News sites have seen traffic plummet in recent months due to a lack of referral clicks from Facebook, whose pivot away from hard news has taken a toll on media organizations.
Media executives told CNN that their firms have seen traffic dip by as much as 40% year-over-year due to the shift made by Facebook parent company Meta.
“Facebook nuked everyone’s traffic,” one news publisher told CNN.
Another media executive told CNN: “If you’re a major publisher, you’ve gotten nicked.”
The Post has sought comment from Meta.
In 2021, Facebook announced that it was changing its algorithm to cut down on political content in users’ news feeds — a move made in response to the social network coming under fire for fueling societal polarization and the spread of misinformation.
In 2018, the company overhauled the Facebook “News Feed” to place more emphasis on posts, photos, and videos shared by family and friends rather than content from publishers.

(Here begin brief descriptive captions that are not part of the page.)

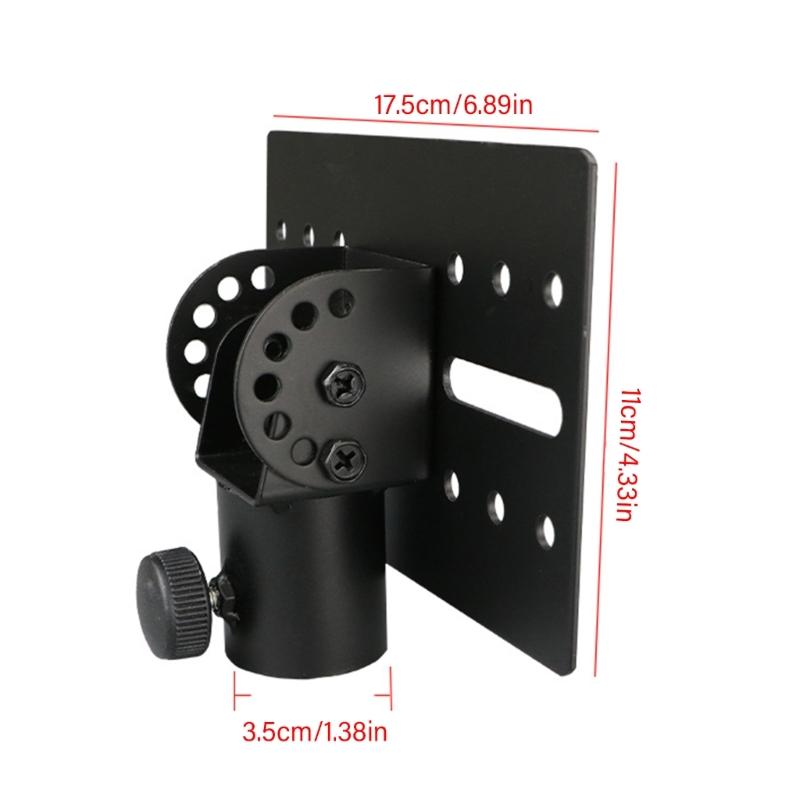 Speaker Tray Bracket Studio Monitor Stand Bookshelf Speaker Stand Projector Stand Desk Speaker Holder for Speaker Mount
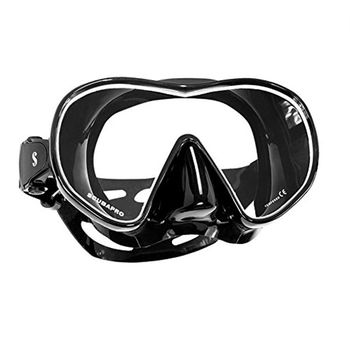 купить Маска для дайвинга Scubapro Solo Mask black/white 24.849.110 в Кишинёве 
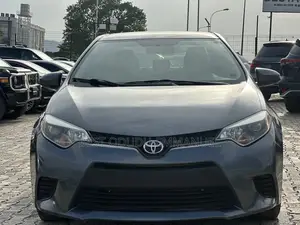 Toyota Corolla LE Eco 4dr Sedan (1.8L 4cyl CVT) 2014 Gray
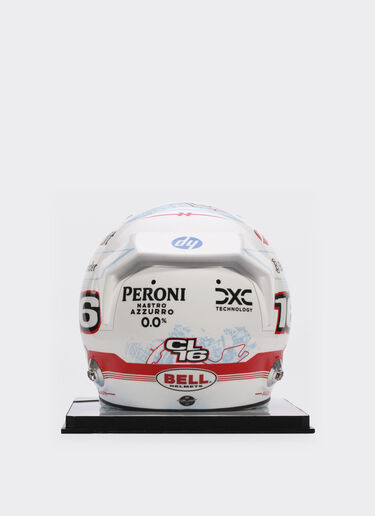 Ferrari 1:1比例 Charles Leclerc 摩纳哥2025特别版头盔 多色 LA07Af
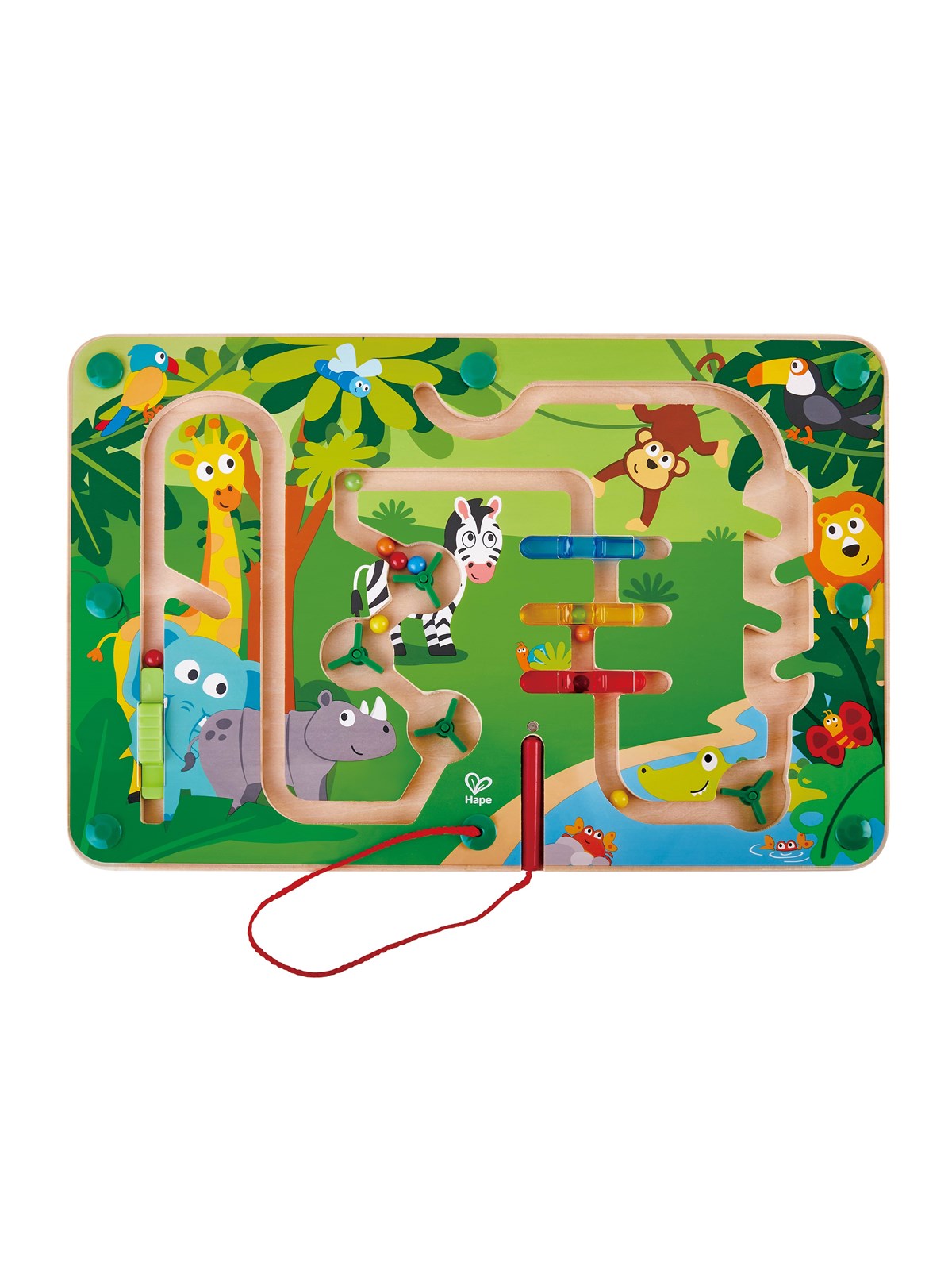 Hape Jungle Maze - Baby Spielzeug - 87-1714
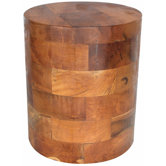 Round Kodiak Side Table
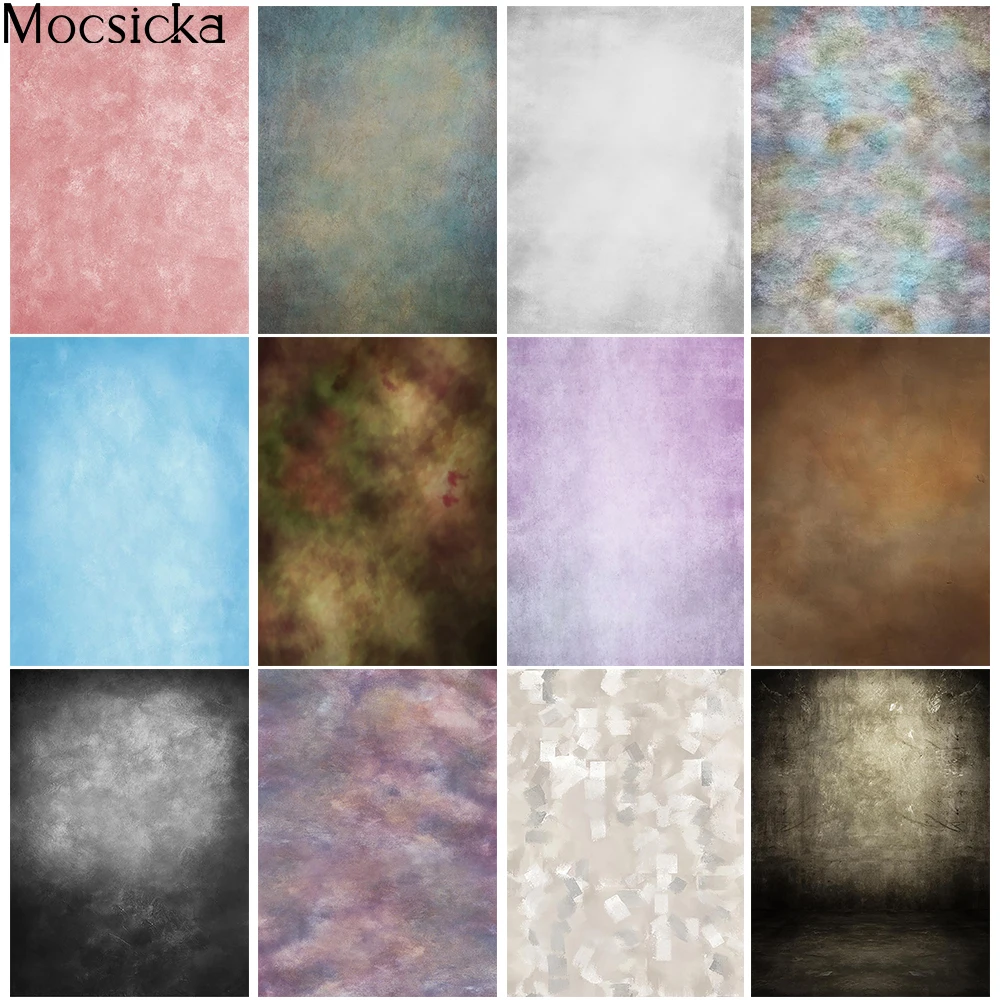 Abstract Photography Backdrop Newborn Birthday Portrait Background Studio Retro Texture Wedding Photocall Boda Adult Art Photo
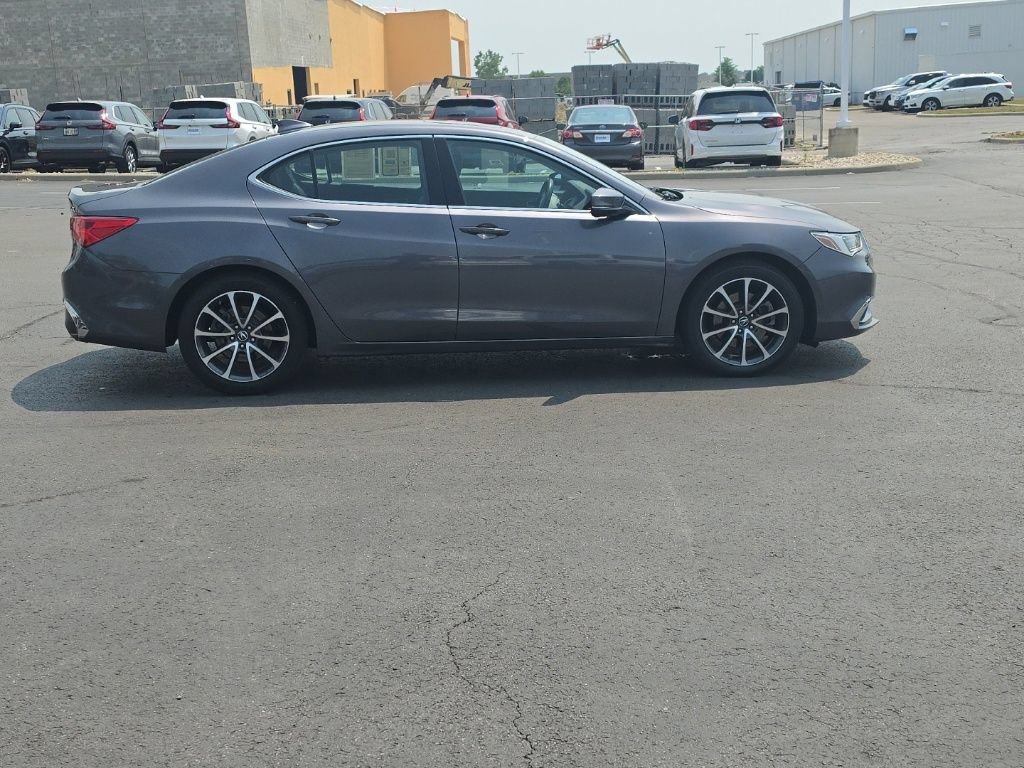 Used 2020 Acura TLX V6 FWD image 8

Last month, the Financial Times reported that Meta was taking a hard line toward publishers and government officials who are trying to force the company to pay media organizations for content.
Meta recently rolled out its new micro-blogging app, Threads, which is intended to compete with the news-heavy X (formerly known as Twitter).

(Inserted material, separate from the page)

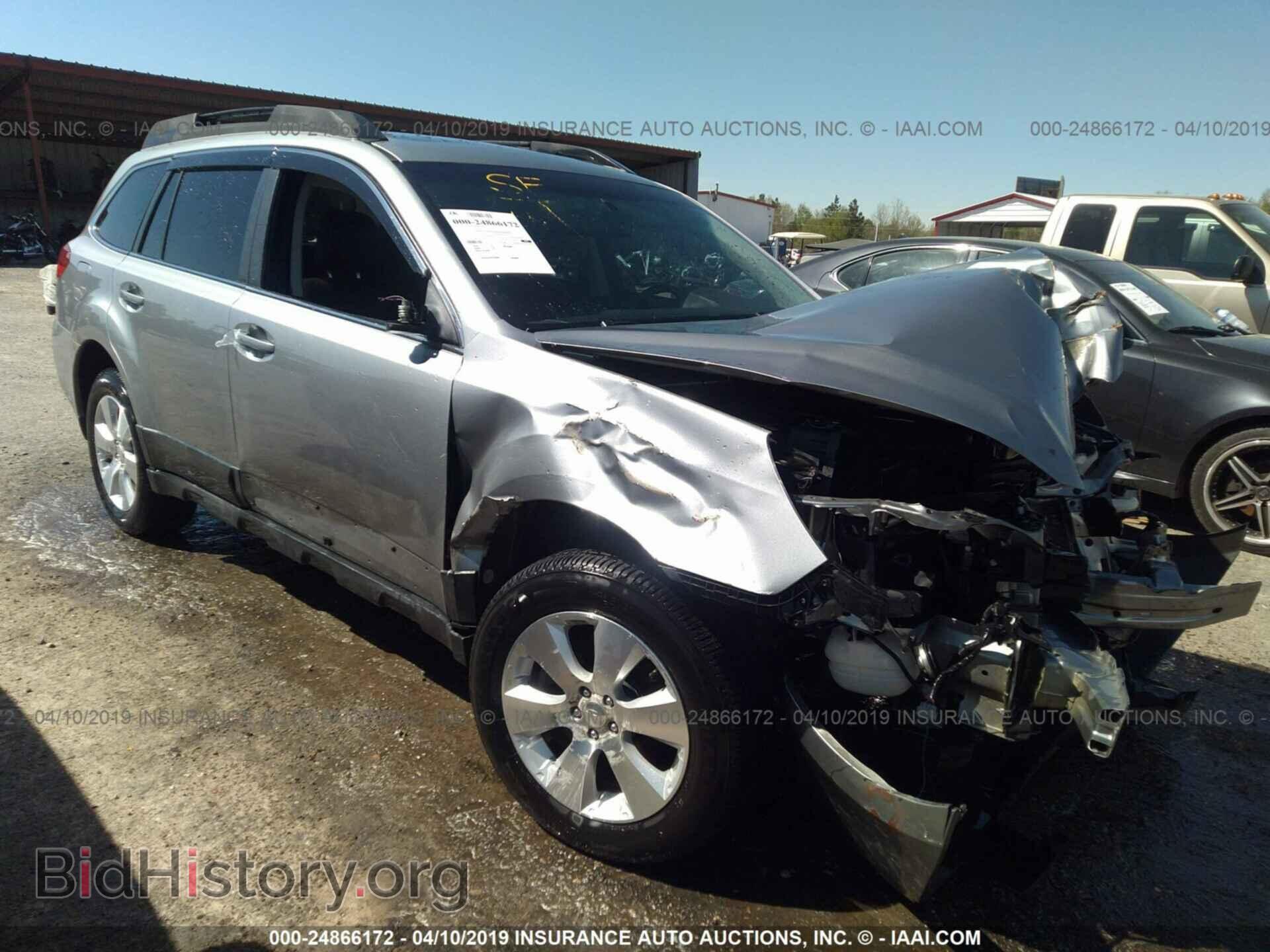 Фотография 4S4BRDKC2B2328973 - SUBARU OUTBACK 2011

Company executives said that Threads would prioritize content posted by creators and friends over hard news or politics — similar to the way its algorithm governs Facebook and Instagram.
Earlier this month, Meta started removing news content from Facebook and Instagram in Canada after the government passed legislation forcing tech companies to negotiate payments to news organizations for hosting their content.
Meta’s Canadian users who log on to Facebook and Instagram are thus unable to click on links to news articles that are posted to those platforms.
Google has also said that it intends to remove news contents from its platforms when the Canadian law takes effect — perhaps as soon as December.
In 2021, Australia passed a similar law that was opposed by Meta and other tech giants, though the companies have since reached deals with publishers in that country.
California was poised to pass a revenue-sharing bill, but backed down after opposition from tech companies.